-Tranquila - me susurró en el oído – tranquila – me susurró
de nuevo, sin que yo pudiera verlo.
Busqué a mi alrededor y no estaba. Una vez más comprendí que
todo tiene un tiempo. Yo tengo un tiempo
y estoy en él, aunque a veces se transforma en viento y sopla mi cara hasta
hacer cerrar mis ojos. Me empuja y me
hace caer, pero también me refresca y alivia el calor de mi piel. Yo lo dejo que sople, que cante en mis oídos,
que me llene de polvo y de tierra, que me haga respirar turbulencias. No importa, yo lo respiro porque es mi tiempo.
Me siento a ver pasar tu tiempo y el tiempo del otro y el de
aquél. Y nuestros tiempos se revuelven,
son como el mar embravecido que cuando toca la arena se calma y perece. Y es
que el mar también perece, se rinde a los pies de la playa y perece. Corre hasta la orilla, empujado por su afán
de perecer. Pero no lo sabe, o tal vez
olvida que el tiempo también existe para él.

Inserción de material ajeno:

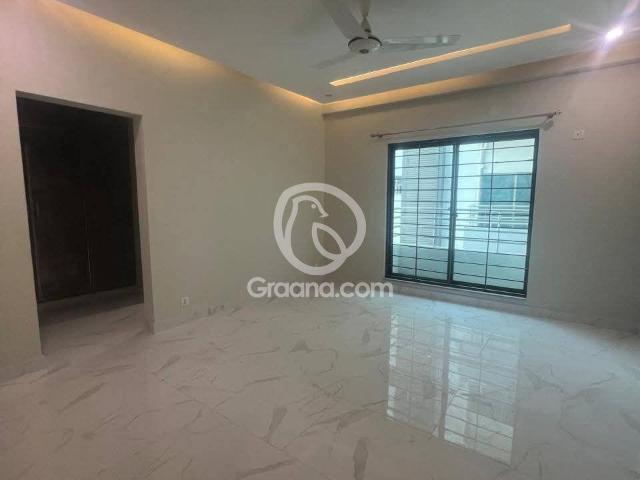 10 Marla Flat for Rent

Como a tantos se nos olvida…
Yo no pude salvarlo.
Era muy grande, había recorrido ya tanto, había mecido entre sus aguas
los barcos más audaces, había cobijado peces y algas, había soportado las lágrimas desbordadas desde las nubes y había
acariciado las pieles bronceadas de quienes juguetean en las orillas robando
tiempo a sus vidas para multiplicarlo, mientras les va quedando ajustado. Tan grande era, que se me hacía imposible
alcanzarlo con mis brazos. Igual los
extendí, sólo para que sintiera que yo estaba allí, para que me abrazara
cuantas veces quisiera, para que me susurrara todo lo que quisiera, aunque su
tiempo llegara ya a su fin. Yo era testigo de su final infinito desvanecido
entre susurros a orillas de sí mismo.
Me hizo entender que mi tiempo también ha de perecer, que se
desvanece entre las piedras sin que lo pueda detener. Me dibujó en el cielo un arcoíris de gotas
revueltas con sabor a mar y me señaló el principio, pero no el fin, no pude ver
el fin. Y es que sus colores se
desvanecían entre la bruma con la que jugaba el viento. Entonces pensé: Para qué ver el fin, si igual
se desvanece. No quiero finales desvanecidos en un perecer anunciado. Me
quedo con el tiempo que descansa sobre las letras de mis hojas rasgadas y con
la sonrisa que le robé aquel día al señor de las flores imaginarias.
Entonces escuché de nuevo el susurro: tranquila… tranquila…
La paz de aquel momento, la chispa blanca de la espuma
burbujeante, el silencio del mar en su perecer, los miles de susurros escapando
de las piedras dormidas de aquel instante de un tiempo bañado de sal, me
dijeron que no apure, que no corra, que no desespere. Me dijeron que el tiempo está allí, que lo
deje acariciar mi piel, que lo deje mojar mis pies, que lo deje despeinar mi
cabello. Las imágenes, los susurros, los
silencios, el frío insistente de las olas en su vaivén, el cielo bonito
bañándose de atardecer, me dijeron que mi tiempo es hoy y que mi hoy está aquí,
que ya no fue ni será. Que es,
simplemente es. Que lo respire, que me
deje bañar por él, que lo viva antes de que se desvanezca entre las piedras y
que no llore más, que no vale la pena llorar, que igual el tiempo se va y que
el mío sólo yo lo he de atrapar, para montarme en él y dejarme mecer en sus
olas, hasta que me empuje a la orilla y como el cantador de susurros, me
desvanezca en sublime afán entre las piedras del ineludible adiós.